In a motion filed today, the two rights groups point to evidence that the government allowed planes carrying alleged gang members, most of whom are from Venezuela, to depart for or continue flying to Central American countries even after federal judge James Boasberg said they should turn back.
“Plaintiffs remain extremely concerned that, regardless of which time is used, the government may have violated the Court’s command,” attorneys for the two groups wrote. They continued:
The government states that “some gang members subject to removal under the Proclamation had already been removed from United States territory under the Proclamation before the issuance of this Court’s second order … That phrasing strongly suggests that the government has chosen to treat this Court’s Order as applying only to individuals still on U.S. soil or on flights that had yet to clear U.S. airspace as of 7:26pm (the time of the written order). If that is how the government proceeded, it was a blatant violation of the Court’s Order.
Boasberg is expected to this morning further consider the case in Washington DC federal court.
A major legal showdown is brewing over Donald Trump’s use of the Alien Enemies Act to deport alleged gang members, most of whom are from Venezuela. The law, among the oldest in the United States, has not been used since the second world war, but Trump has argued it is necessary and likened stopping the flow of undocumented immigrants to fighting a war. Here’s more about the act, from the Associated Press:
Donald Trump on Saturday invoked the Alien Enemies Act for the first time since the second world war, granting himself sweeping powers under a centuries-old law to deport people associated with a Venezuelan gang. Hours later, a federal judge halted deportations under the US president’s order.
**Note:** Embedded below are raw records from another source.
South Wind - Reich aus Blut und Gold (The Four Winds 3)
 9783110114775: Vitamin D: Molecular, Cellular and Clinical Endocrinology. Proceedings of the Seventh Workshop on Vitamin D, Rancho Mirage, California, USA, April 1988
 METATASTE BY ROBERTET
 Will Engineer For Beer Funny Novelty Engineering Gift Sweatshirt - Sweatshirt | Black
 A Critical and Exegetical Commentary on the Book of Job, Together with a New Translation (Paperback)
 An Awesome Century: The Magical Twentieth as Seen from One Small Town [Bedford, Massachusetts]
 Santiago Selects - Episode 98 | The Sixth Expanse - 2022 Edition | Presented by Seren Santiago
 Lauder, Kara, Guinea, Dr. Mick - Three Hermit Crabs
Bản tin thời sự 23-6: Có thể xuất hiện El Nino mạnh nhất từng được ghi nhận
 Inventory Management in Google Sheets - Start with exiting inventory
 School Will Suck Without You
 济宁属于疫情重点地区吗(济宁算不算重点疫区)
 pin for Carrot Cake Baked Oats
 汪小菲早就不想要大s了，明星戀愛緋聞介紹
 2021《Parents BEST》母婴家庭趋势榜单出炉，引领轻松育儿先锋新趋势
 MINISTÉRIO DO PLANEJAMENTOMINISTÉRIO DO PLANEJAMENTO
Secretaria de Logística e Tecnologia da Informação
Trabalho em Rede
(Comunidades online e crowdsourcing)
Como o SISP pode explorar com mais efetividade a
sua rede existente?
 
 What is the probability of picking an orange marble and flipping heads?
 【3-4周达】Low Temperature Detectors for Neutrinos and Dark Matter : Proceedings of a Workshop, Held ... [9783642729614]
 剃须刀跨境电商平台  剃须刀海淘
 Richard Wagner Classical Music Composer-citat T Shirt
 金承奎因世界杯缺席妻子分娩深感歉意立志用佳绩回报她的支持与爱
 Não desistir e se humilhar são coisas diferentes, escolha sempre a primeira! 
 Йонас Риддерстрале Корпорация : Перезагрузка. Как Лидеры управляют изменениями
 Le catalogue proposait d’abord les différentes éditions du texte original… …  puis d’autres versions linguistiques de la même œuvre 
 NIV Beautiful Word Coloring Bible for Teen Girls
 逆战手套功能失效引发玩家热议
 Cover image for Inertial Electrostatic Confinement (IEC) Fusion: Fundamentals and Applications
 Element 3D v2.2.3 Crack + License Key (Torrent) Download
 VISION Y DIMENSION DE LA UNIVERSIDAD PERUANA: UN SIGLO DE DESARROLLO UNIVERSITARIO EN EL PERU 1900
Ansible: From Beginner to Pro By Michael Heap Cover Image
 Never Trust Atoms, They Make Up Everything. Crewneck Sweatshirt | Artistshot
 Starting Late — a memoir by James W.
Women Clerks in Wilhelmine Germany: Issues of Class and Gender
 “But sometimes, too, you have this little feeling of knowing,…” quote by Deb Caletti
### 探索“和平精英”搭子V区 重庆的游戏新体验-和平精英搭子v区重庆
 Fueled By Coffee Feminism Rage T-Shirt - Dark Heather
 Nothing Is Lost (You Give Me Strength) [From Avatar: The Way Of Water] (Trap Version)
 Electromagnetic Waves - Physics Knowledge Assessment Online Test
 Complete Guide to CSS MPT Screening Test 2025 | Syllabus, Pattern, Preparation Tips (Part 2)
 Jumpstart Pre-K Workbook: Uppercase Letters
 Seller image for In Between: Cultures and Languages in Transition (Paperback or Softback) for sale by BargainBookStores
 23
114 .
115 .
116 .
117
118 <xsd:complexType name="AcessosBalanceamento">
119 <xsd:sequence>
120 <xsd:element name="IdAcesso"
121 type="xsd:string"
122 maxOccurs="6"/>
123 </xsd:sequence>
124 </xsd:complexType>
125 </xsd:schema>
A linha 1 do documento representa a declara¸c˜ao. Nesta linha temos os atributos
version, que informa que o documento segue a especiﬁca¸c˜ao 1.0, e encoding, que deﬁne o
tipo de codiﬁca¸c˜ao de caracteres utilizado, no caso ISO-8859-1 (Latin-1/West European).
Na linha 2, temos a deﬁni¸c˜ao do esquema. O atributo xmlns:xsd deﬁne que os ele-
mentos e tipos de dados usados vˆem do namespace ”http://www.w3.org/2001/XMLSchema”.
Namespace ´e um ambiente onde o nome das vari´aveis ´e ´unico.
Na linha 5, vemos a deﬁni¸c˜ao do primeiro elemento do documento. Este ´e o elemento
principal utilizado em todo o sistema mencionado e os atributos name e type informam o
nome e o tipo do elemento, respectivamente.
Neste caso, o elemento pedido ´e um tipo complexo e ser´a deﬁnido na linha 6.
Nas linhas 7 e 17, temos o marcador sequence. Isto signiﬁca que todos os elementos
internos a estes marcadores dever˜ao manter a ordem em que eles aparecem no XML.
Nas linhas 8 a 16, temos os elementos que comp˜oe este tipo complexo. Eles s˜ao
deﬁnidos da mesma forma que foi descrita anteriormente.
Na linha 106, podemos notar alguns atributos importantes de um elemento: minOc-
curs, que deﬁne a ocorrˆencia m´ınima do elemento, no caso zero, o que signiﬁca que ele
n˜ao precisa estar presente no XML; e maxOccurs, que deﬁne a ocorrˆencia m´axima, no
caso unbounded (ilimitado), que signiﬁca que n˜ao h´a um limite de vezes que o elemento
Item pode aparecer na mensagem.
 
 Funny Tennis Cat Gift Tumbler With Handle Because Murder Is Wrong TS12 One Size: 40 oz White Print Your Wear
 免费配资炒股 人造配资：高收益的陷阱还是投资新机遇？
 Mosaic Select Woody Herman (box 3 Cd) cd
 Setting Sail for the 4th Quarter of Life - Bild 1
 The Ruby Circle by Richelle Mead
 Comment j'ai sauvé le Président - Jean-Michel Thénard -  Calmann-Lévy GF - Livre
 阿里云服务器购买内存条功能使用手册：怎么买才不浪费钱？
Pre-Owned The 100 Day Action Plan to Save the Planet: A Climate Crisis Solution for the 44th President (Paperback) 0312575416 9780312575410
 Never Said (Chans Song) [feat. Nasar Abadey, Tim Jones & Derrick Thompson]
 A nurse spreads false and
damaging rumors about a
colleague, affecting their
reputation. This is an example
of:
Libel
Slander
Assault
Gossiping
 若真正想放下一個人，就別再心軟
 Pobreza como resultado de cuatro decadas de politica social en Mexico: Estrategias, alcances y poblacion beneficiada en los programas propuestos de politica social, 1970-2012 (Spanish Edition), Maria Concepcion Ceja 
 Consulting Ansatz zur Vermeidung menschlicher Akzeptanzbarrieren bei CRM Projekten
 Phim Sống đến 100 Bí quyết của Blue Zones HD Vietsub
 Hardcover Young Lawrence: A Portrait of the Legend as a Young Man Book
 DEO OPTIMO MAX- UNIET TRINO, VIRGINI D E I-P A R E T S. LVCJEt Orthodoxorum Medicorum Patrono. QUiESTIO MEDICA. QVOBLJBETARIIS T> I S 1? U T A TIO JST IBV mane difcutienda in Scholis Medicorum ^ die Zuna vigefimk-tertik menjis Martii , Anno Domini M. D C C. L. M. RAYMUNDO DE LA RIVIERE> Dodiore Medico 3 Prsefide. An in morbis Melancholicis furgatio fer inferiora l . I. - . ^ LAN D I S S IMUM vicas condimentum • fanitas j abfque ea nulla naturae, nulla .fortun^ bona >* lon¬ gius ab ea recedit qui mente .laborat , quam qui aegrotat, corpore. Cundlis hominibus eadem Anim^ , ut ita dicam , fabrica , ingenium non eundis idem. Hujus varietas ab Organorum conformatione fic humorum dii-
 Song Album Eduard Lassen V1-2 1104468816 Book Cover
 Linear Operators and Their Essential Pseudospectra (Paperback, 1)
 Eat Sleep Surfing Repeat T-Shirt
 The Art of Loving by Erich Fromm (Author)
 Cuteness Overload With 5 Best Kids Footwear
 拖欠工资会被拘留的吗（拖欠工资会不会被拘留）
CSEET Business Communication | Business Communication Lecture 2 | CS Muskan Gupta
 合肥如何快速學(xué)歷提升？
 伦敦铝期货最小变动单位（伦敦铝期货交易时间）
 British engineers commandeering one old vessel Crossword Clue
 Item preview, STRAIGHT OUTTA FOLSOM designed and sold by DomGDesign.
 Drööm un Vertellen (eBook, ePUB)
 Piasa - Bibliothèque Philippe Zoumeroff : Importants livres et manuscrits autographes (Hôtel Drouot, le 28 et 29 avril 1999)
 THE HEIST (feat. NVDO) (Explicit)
The act is a sweeping wartime authority that allows noncitizens to be deported without being given the opportunity to go before an immigration or federal court judge.
Trump’s proclamation on Saturday identified Venezuela’s Tren de Aragua gang as an invading force. US district judge James Boasberg blocked anyone from being deported under the proclamation for two weeks and scheduled a Friday hearing to consider arguments.